**Task details:** Copy exactly the lines of the material below that fall between the line with "I'll write 12" and the line with "Let us start", both of those lines included; pictures stay out.

**Provided records:**
──────────

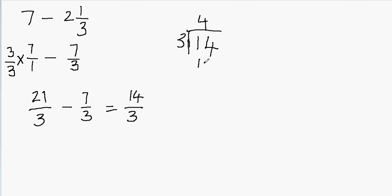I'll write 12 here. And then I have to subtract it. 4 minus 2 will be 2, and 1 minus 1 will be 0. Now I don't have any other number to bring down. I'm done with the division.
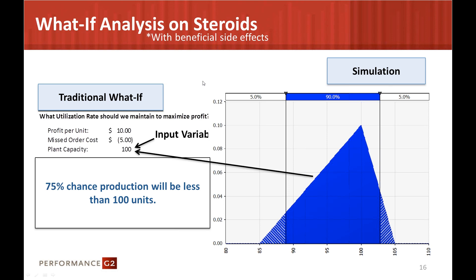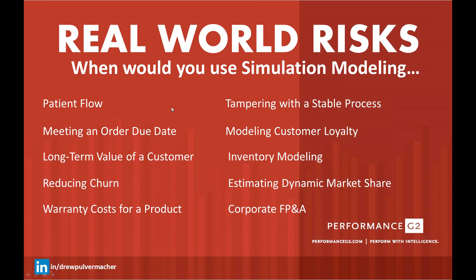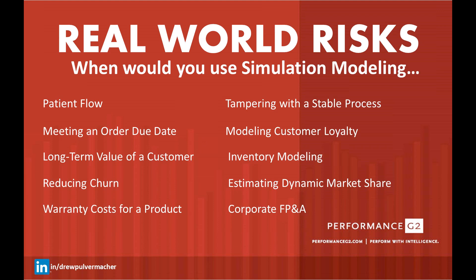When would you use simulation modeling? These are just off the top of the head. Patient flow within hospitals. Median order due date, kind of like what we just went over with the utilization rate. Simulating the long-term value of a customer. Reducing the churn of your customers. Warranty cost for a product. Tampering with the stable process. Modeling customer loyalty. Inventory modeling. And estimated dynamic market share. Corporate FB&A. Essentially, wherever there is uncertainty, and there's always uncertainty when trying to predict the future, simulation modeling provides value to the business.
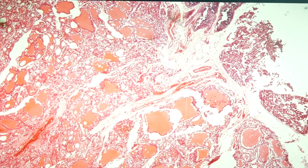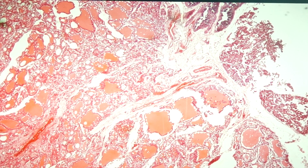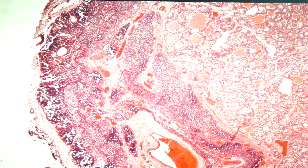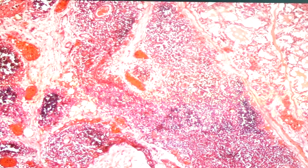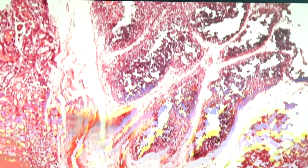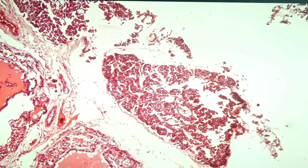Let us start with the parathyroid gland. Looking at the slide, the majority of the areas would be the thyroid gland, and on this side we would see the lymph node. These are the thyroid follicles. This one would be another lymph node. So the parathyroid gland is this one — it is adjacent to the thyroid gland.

──────────

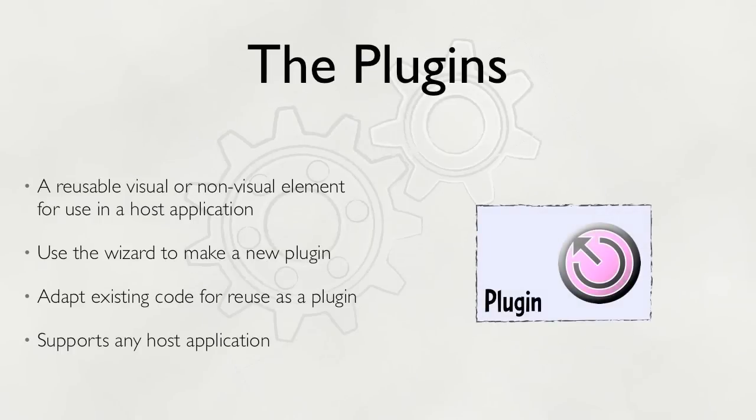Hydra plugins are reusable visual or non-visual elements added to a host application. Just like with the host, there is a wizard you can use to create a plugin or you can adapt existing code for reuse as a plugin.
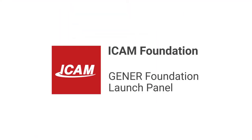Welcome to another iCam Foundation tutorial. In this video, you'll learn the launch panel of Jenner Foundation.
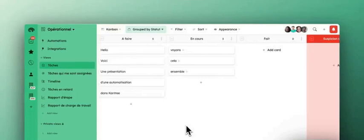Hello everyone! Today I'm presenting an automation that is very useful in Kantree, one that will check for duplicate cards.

──────────

**Exercise output:**
I'll write 12 here. And then I have to subtract it. 4 minus 2 will be 2, and 1 minus 1 will be 0. Now I don't have any other number to bring down. I'm done with the division.
When would you use simulation modeling? These are just off the top of the head. Patient flow within hospitals. Median order due date, kind of like what we just went over with the utilization rate. Simulating the long-term value of a customer. Reducing the churn of your customers. Warranty cost for a product. Tampering with the stable process. Modeling customer loyalty. Inventory modeling. And estimated dynamic market share. Corporate FB&A. Essentially, wherever there is uncertainty, and there's always uncertainty when trying to predict the future, simulation modeling provides value to the business.
Let us start with the parathyroid gland. Looking at the slide, the majority of the areas would be the thyroid gland, and on this side we would see the lymph node. These are the thyroid follicles. This one would be another lymph node. So the parathyroid gland is this one — it is adjacent to the thyroid gland.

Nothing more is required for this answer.